- Nederlands
- English
Inclusion: the importance of a comprehensive approach
-
Change
Inclusion has numerous benefits: for employees, the company, and society. The more diverse and balanced your workforce, the stronger it will be. By bringing together different profiles, you create a breeding ground for innovation and performance.
How on earth do you start?
"All well and good," I hear you thinking. "But how do I get started?" Unfortunately, there's no clear-cut guide. After all, an inclusion policy must be tailored to the company, the current workforce, and the talent you want to attract. But a few tips can help you develop a policy tailored to your organization.
In any case, be aware of unconscious biases. Everyone views the world or a given situation from their own perspective. So keep in mind that a policy or certain action points may not be interpreted or experienced in the same way by everyone.
When developing an inclusion policy, it's best to establish a (diversity) team comprised of stakeholders from various levels of the organization, including management, HR, and HR Business Partners. It's best to start by assessing the situation before taking action. Map the current situation and paint a picture of diversity within the organization. This can be achieved through process analyses and qualitative research.
- Where are you today?
- How diverse is your organization?
- What are you already doing to promote inclusion?
You can also collect data to determine your performance on specific parameters, such as the gender distribution in certain sectors. Gather feedback from current employees and certain minority groups to determine what questions or challenges they face regarding diversity and inclusion; this can be done through in-depth interviews or surveys.
Gather all the feedback and try to understand the different perspectives as best as possible. Then define what inclusion and diversity mean for your company, where you want to go, and communicate the benefits.
From roadmap to action plan
Once the vision is clear, you can develop a roadmap for the coming years. To foster anchoring and support throughout the organization, it's important that representatives from the various levels, departments, and domains are involved from the outset.
This roadmap should not be a static document; there should be room for evaluation and adjustments.
- Define your why.
- Ensure your vision is anchored in your purpose and corporate culture, and that the added value of inclusion is incorporated into a concrete business story.
- Define principles and concrete actions for the coming year.
- Schedule evaluation moments and determine which parameters or results you will evaluate.
Formulate the concrete steps into a clear, multidimensional action plan that effectively strives for inclusion. You can also draw on external expertise from specific representative organizations for this purpose.

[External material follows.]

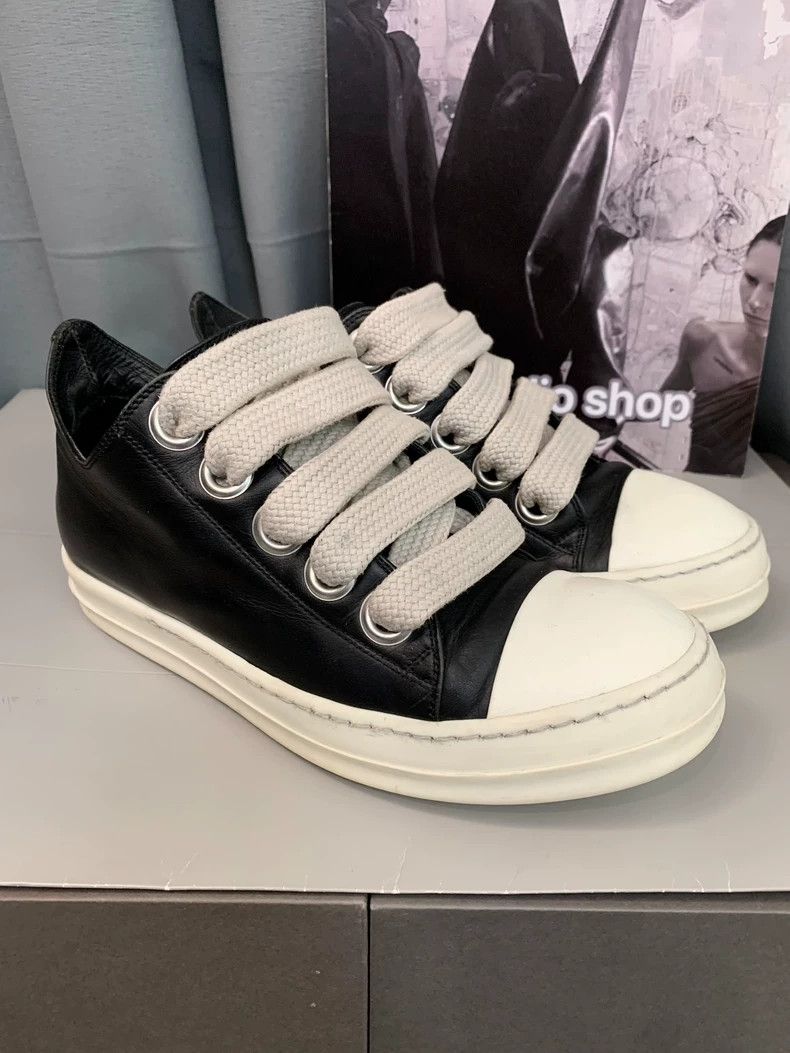 Rick Owens Rick Owens low-top wide shoelace leather deck shoes Size US 7 / EU 40 - 2 Thumbnail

The importance of involvement
Inclusion concerns everyone and must be embedded in the organization. Therefore, it's crucial to involve everyone in the search for solutions. This means not just top-down or bottom-up approaches; both approaches must be willing to challenge each other. Governance is essential for making important policy decisions, but a solid foundation is also needed for a practical, inclusive work culture. HR Business Partners—as SPOCs—play a crucial role, both in implementing initiatives and in providing feedback from the field.
Does everything always go smoothly?
Absolutely not. That's why a learning culture and an open environment where management and colleagues are genuinely there for each other and where everyone is treated equally (regardless of ethnicity, age, or gender) are fundamental building blocks for an inclusion policy. So, regularly evaluate where you stand, how employees feel, and be willing to adjust your policies and actions where necessary.